D-Day as seen from the sky
By 1942, the 250-foot towers, now an icon of Fort Benning, were in place.
That's the year Lawrence Jeffers, an Ohio native, joined the Army. Immediately after basic training, he signed up to become a paratrooper because of the pay.
The 86-year-old World War II veteran remembers his first jump during training.
"That was the easiest one I ever took because I didn't know what was going to happen," he said. "The hardest jump I ever made (was) the second because I knew what was going to happen. It's just like riding an elevator. You come down nice and slow and hit the ground pretty hard."
After graduating jump school, he was shipped with his unit to Europe, where for a time he and some of his fellow Soldiers were hid by the French underground in a wine cellar, said Jeffers, then 18.
On June 6, 1944, the real action started. They got up at 2 a.m., he said, in preparation for the combat jump into Normandy, where their goal was to knock out enemy communication.
"We jumped together and started fighting," Jeffers said. "We were there four hours before (troops) started hitting the beach. (The enemy) didn't know what was happening. It was a successful jump. I was kind of proud of myself - I was proud of everybody really - for the success. We did what we were supposed to do. We had a job to do, and we did it."
Another jump forward
While the original test platoon was formed on post in July 1940, proving its worth as a tool for battle in less than a month, a different type of test platoon also finds its origins here, one that never had the opportunity to defend freedom overseas in combat.
"In January of '44, they selected 20 enlisted men to form what was called a test platoon," said Walter Morris, who joined the Army in 1943 and later the distinguished "Triple Nickel," the first all African-American Airborne unit.
"They were testing because there was thought that colored troops who did nothing but service duty (didn't) have the intestinal fortitude to jump out of a plane," he said. "And that was in doubt because it had never been done before."
Seventeen of the original 20 graduated as paratroopers in February that year, followed by six African-American officers, forming a new unit: the 555th Parachute Infantry Company.

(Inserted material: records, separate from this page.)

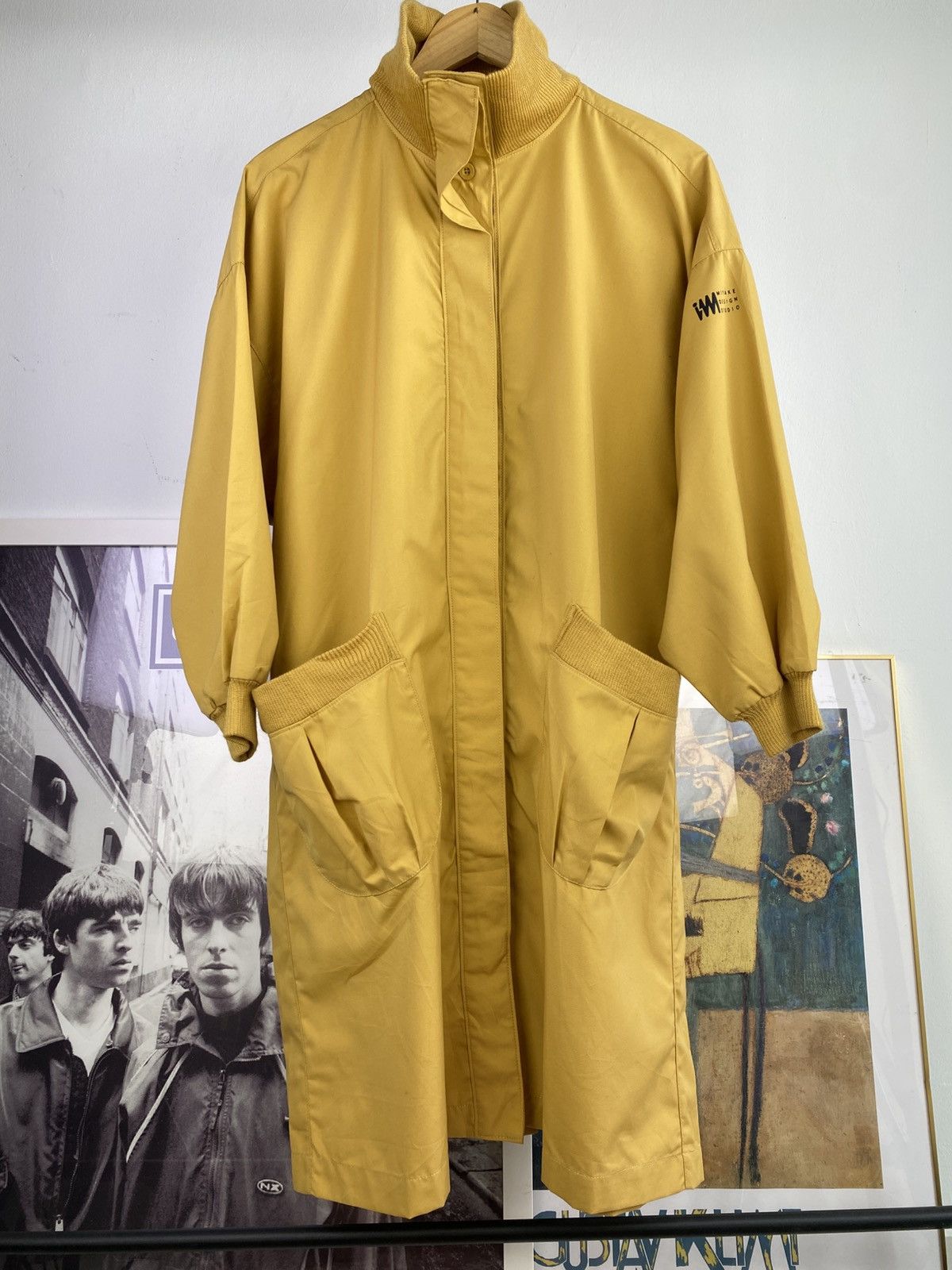 Issey Miyake 80’s 90’s Issey Miyake Studio Ika Over Coat Dolman Sleeve Size US M / EU 48-50 / 2 - 1 Thumbnail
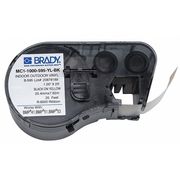 Brady Label Tape Cartridge, Black/Yellow, 1 in W MC1-1000-595-YL-BK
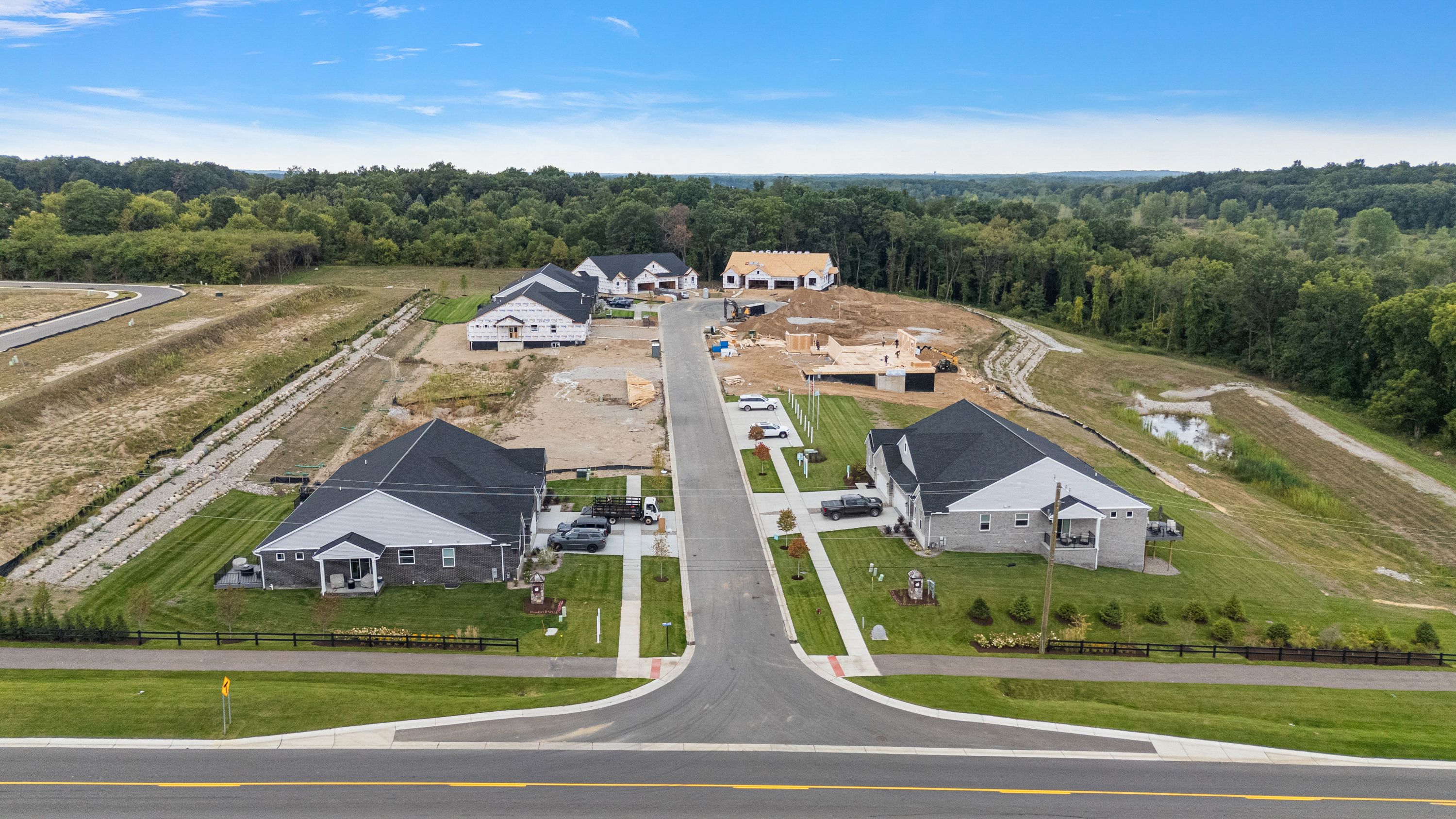 casa en Orchard Crossing Villas por Lombardo Homes Michigan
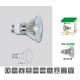 Dimbare industrie lamp GU10/20W/230V 2600K - Ecolite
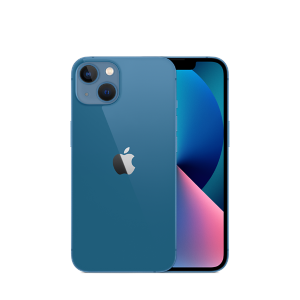 Apple iPhone 13 - 5G smartphone - dual SIM /Memoria Interna 128 GB - display OLED - 6.1" - 2532 x 1170 pixel - 2x fotocamere posteriori 12 MP, 12 MP - front camera 12 MP - blu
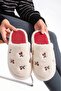 Set of 3 Furry Warm Fluffy Figured Slippers Women's Home Slippers Noiseless Lightweight Soft Sole - 5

"When we had the opportunity to become paratroopers, that lifted our morale and self-esteem because now we were paratroopers and not servants," said Morris, the first black enlisted man accepted for Airborne duty. "Then the Army opened the doors and invited all colored troops who wanted to volunteer ... and they came literally by the truckloads and went through the parachute training. There were so many enlisted men and officers volunteering that the company was deactivated and activated as a battalion."
With the Army still segregated, officials didn't want to send an all African-American unit to the European theater.
"So we were trained, but we had nowhere to go," Morris said. "That was when the Agriculture Department asked the Army if they could spare a few paratroopers to train them as smoke jumpers to combat the Japanese incendiary balloons that were flown over in the jet stream from Japan to the Pacific coast line. So, the Army told the Agriculture Department they could have the whole battalion."
The covert Operation Firefly lasted throughout the summer of 1945, including 1,200 jumps on forest fires from Washington to California.
"We jumped in on 32 individual fires, most of them caused by lighting, some by the incendiary balloons, others by careless campers," Morris said.
Though their training base was in Oregon, the 89-year-old veteran considers Fort Benning home.
"That brought back memories," he said of the ceremony. "It's a warm feeling because this is our home, so to speak. It's always exciting to be invited here."